◆ **Information shown**:

Segment Open

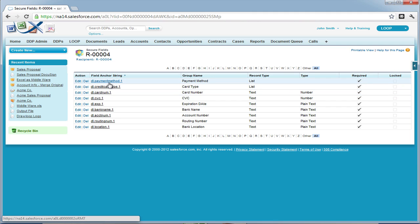At this point, we're going to wrap up the demo. If you want to learn how to tag your document with these secure fields, we recommend moving on to the next page that explains how to tag your document with DocuSign fields. But that is how you add secure fields to a DDP. Thank you.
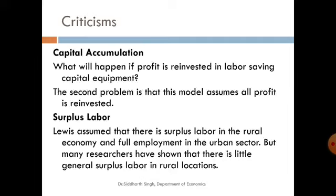The second point of criticism concerns surplus labour. Lewis assumed that there is surplus labour in the rural economy and full employment in the urban sector. However, many researchers have shown that there is actually little genuine surplus labour in rural locations in many countries, challenging this foundational assumption of the model.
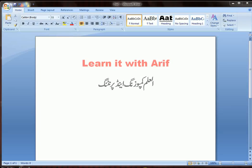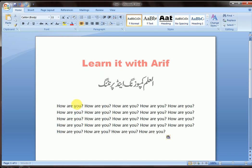Hello friends, welcome to Learn It With Arif. In this lesson we are going to learn how to save text as a building block in MS Word. Let's start our lesson. We have a paragraph here and we want to save the selected text as a building block.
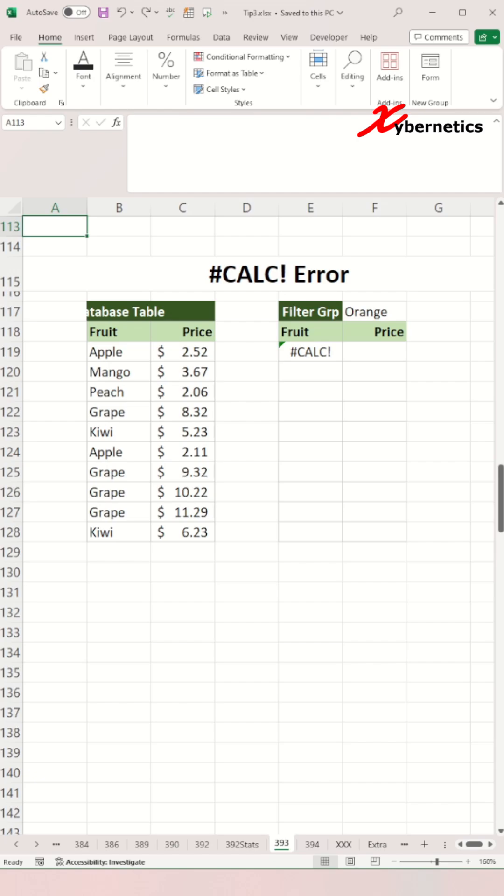Next in my laundry list is the #CALC! error. This error occurs when the Excel calculation engine encounters an unspecified calculation error with an array.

Segment Closed

◆ **Try it**:
What is needed is an exact reproduction of the data, pictures excluded.

◆ **Response below**:
At this point, we're going to wrap up the demo. If you want to learn how to tag your document with these secure fields, we recommend moving on to the next page that explains how to tag your document with DocuSign fields. But that is how you add secure fields to a DDP. Thank you.
The second point of criticism concerns surplus labour. Lewis assumed that there is surplus labour in the rural economy and full employment in the urban sector. However, many researchers have shown that there is actually little genuine surplus labour in rural locations in many countries, challenging this foundational assumption of the model.
Hello friends, welcome to Learn It With Arif. In this lesson we are going to learn how to save text as a building block in MS Word. Let's start our lesson. We have a paragraph here and we want to save the selected text as a building block.
Next in my laundry list is the #CALC! error. This error occurs when the Excel calculation engine encounters an unspecified calculation error with an array.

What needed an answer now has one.